*THE TASK*. Your reply should be the records below, duplicated exactly, with any picture removed.

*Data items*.
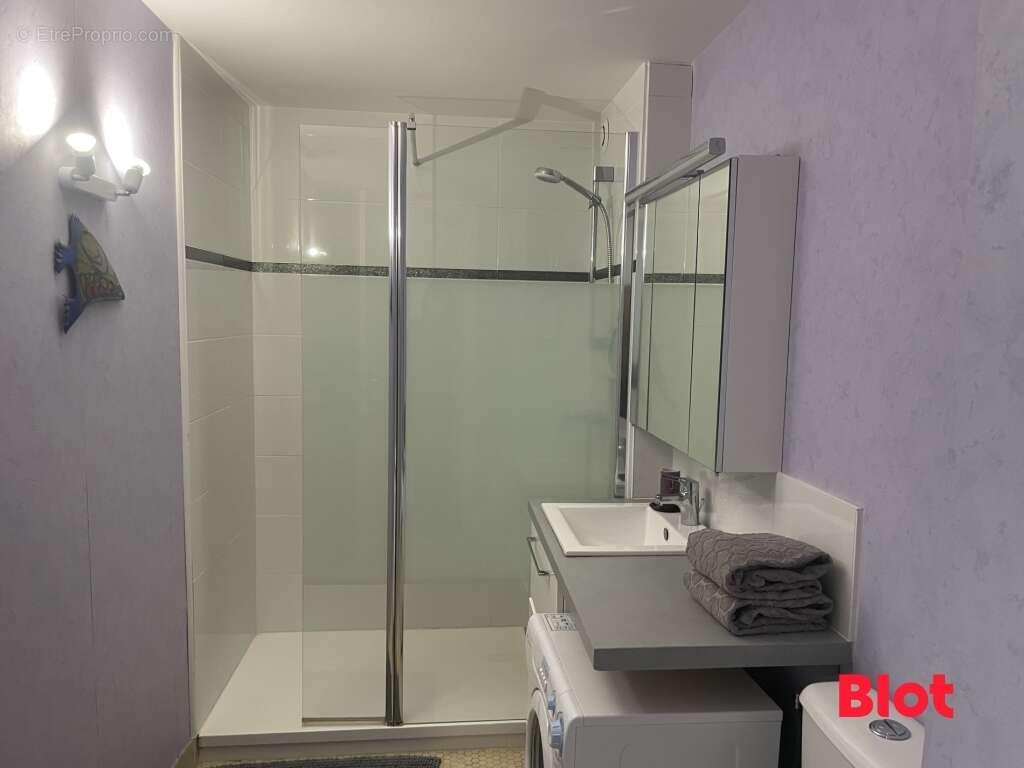 Appartement à LA BAULE-ESCOUBLAC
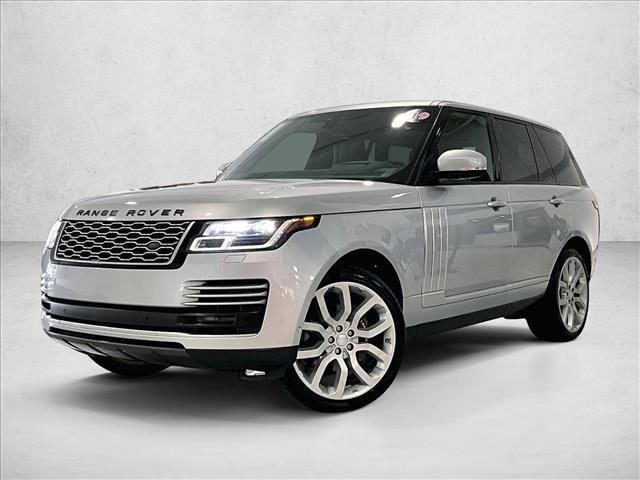 2019 Land Rover Range Rover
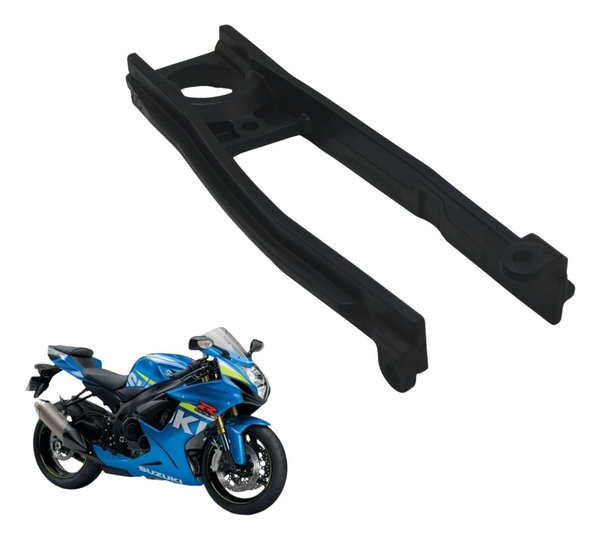 Guia Corrente Deslizante Suzuki Gsx-r Srad 750 Gp 14-16 Orig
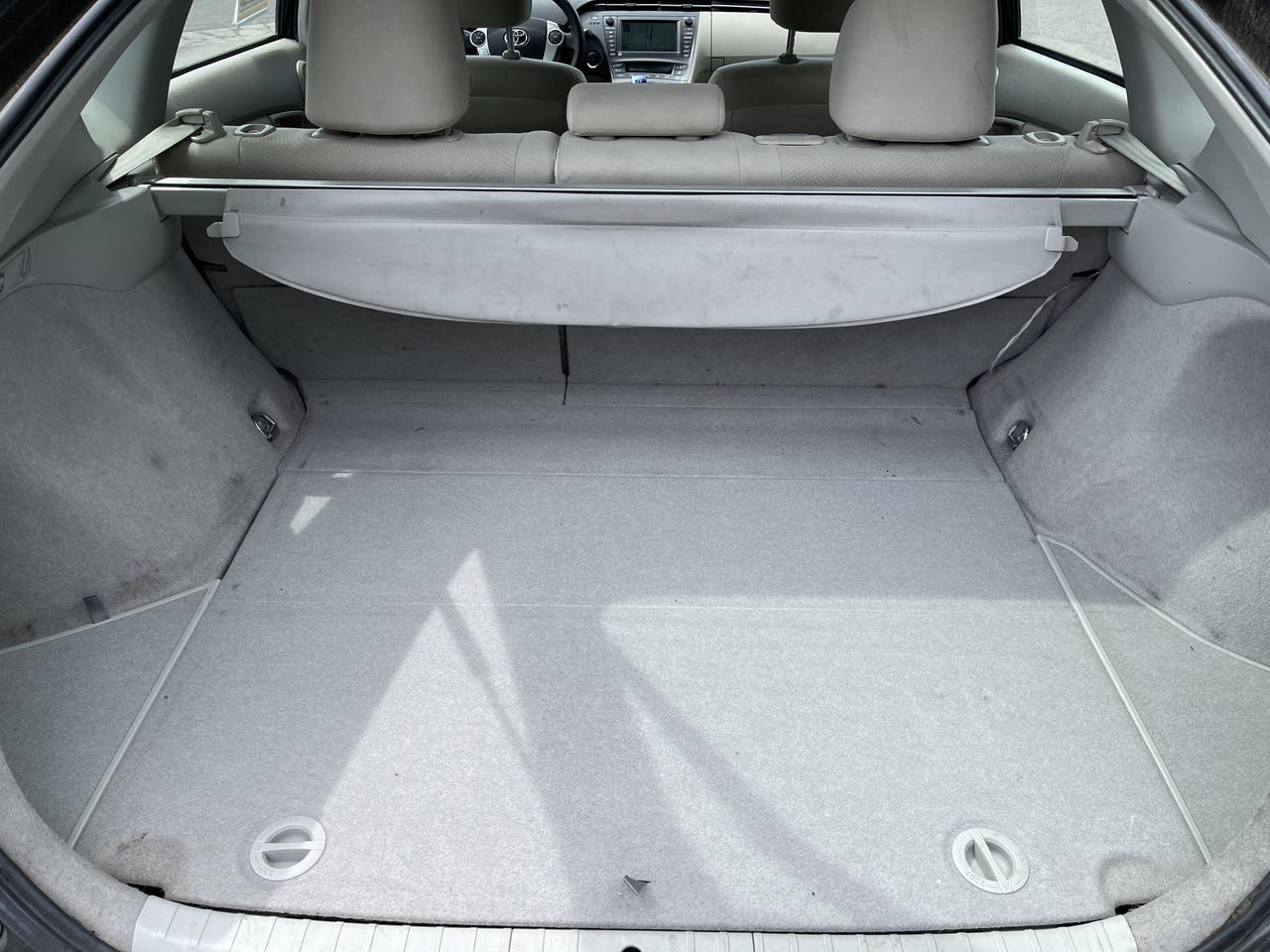 2011 Toyota Prius Prius I Hayden ID
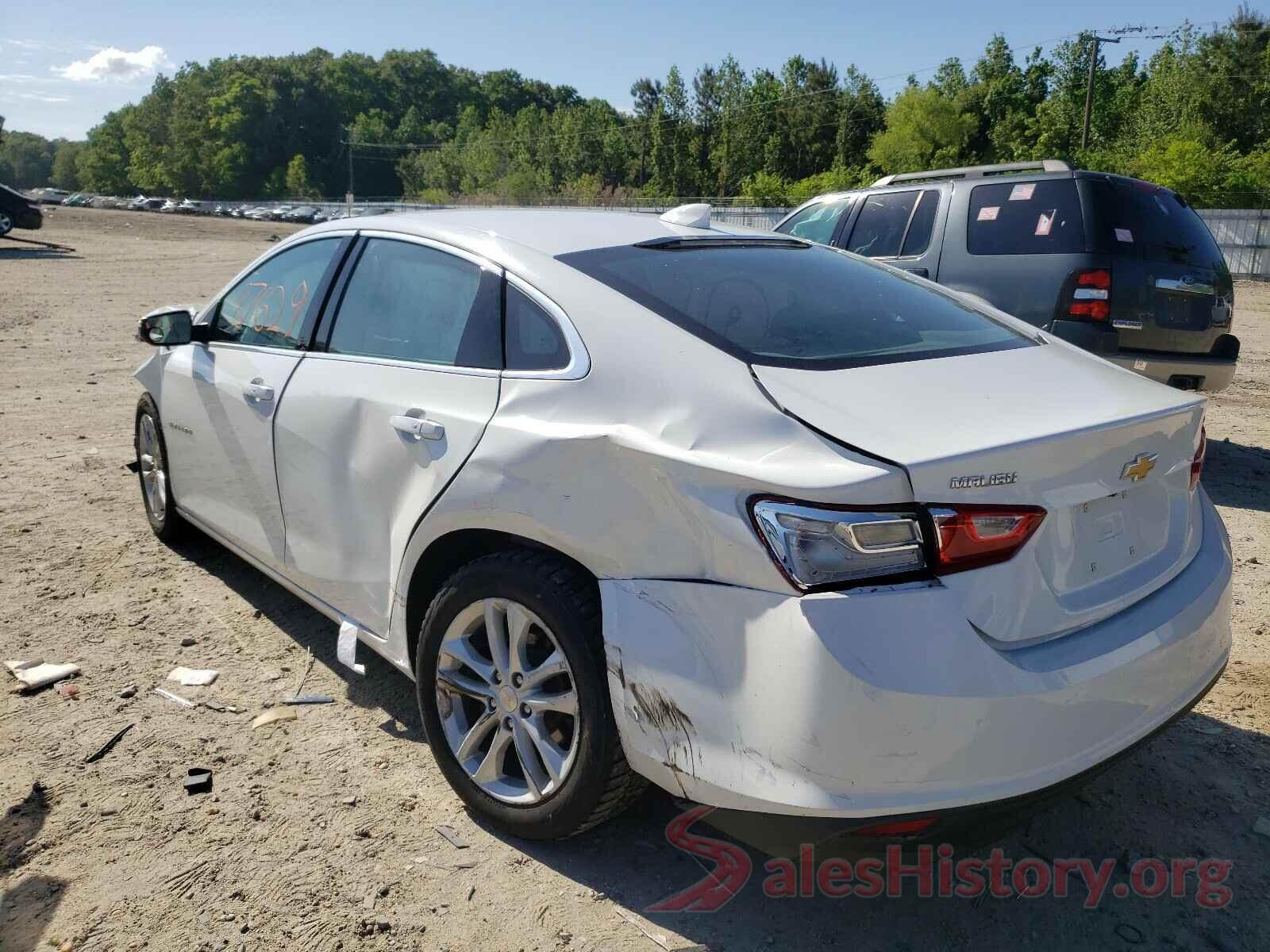 1G1ZE5ST5HF135909 2017 CHEVROLET MALIBU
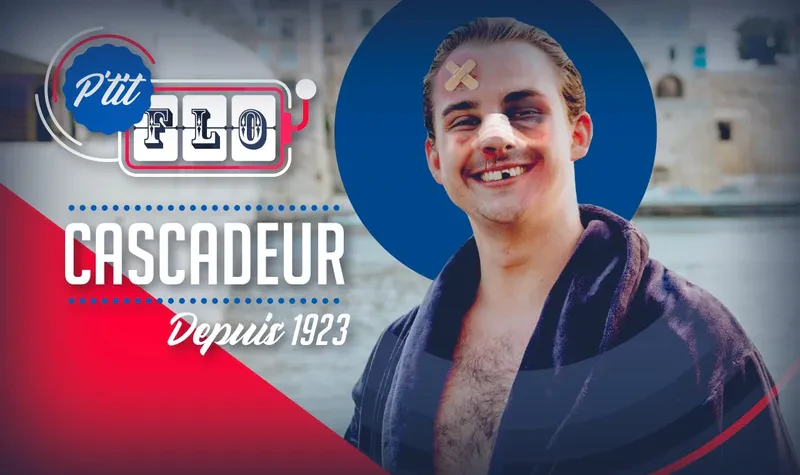 cascadeur ptit flo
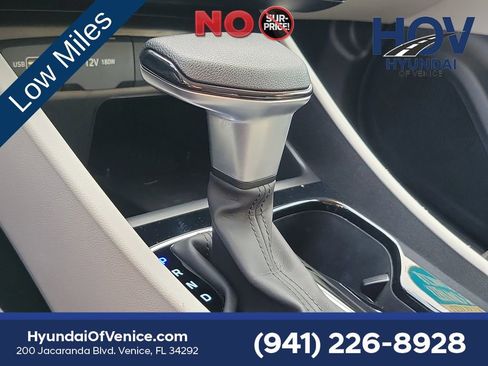 Certified 2024 Hyundai Tucson SEL FWD image 31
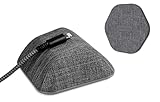 Smartish Cable Wrangler + Mountaineer MagSafe Wall Mount Bundle - Stick on Adhesive Phone Holder with Extra Strength Magnet for Apple MagSafe Accessories - No. 2 Pencil Gray…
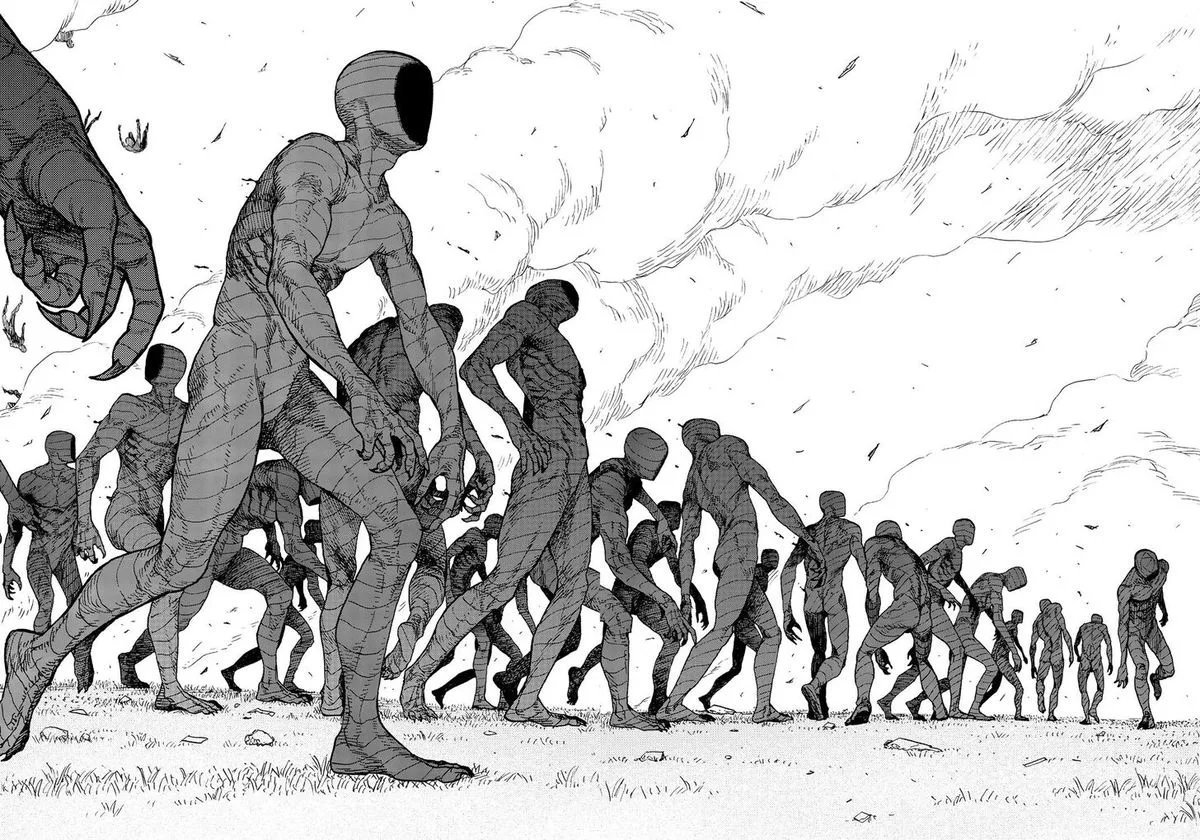 Ajin Chapter 73 page 18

*RESULT*.
 Appartement à LA BAULE-ESCOUBLAC
 2019 Land Rover Range Rover
 Guia Corrente Deslizante Suzuki Gsx-r Srad 750 Gp 14-16 Orig
 2011 Toyota Prius Prius I Hayden ID
 1G1ZE5ST5HF135909 2017 CHEVROLET MALIBU
 cascadeur ptit flo
 Certified 2024 Hyundai Tucson SEL FWD image 31
 Smartish Cable Wrangler + Mountaineer MagSafe Wall Mount Bundle - Stick on Adhesive Phone Holder with Extra Strength Magnet for Apple MagSafe Accessories - No. 2 Pencil Gray…
 Ajin Chapter 73 page 18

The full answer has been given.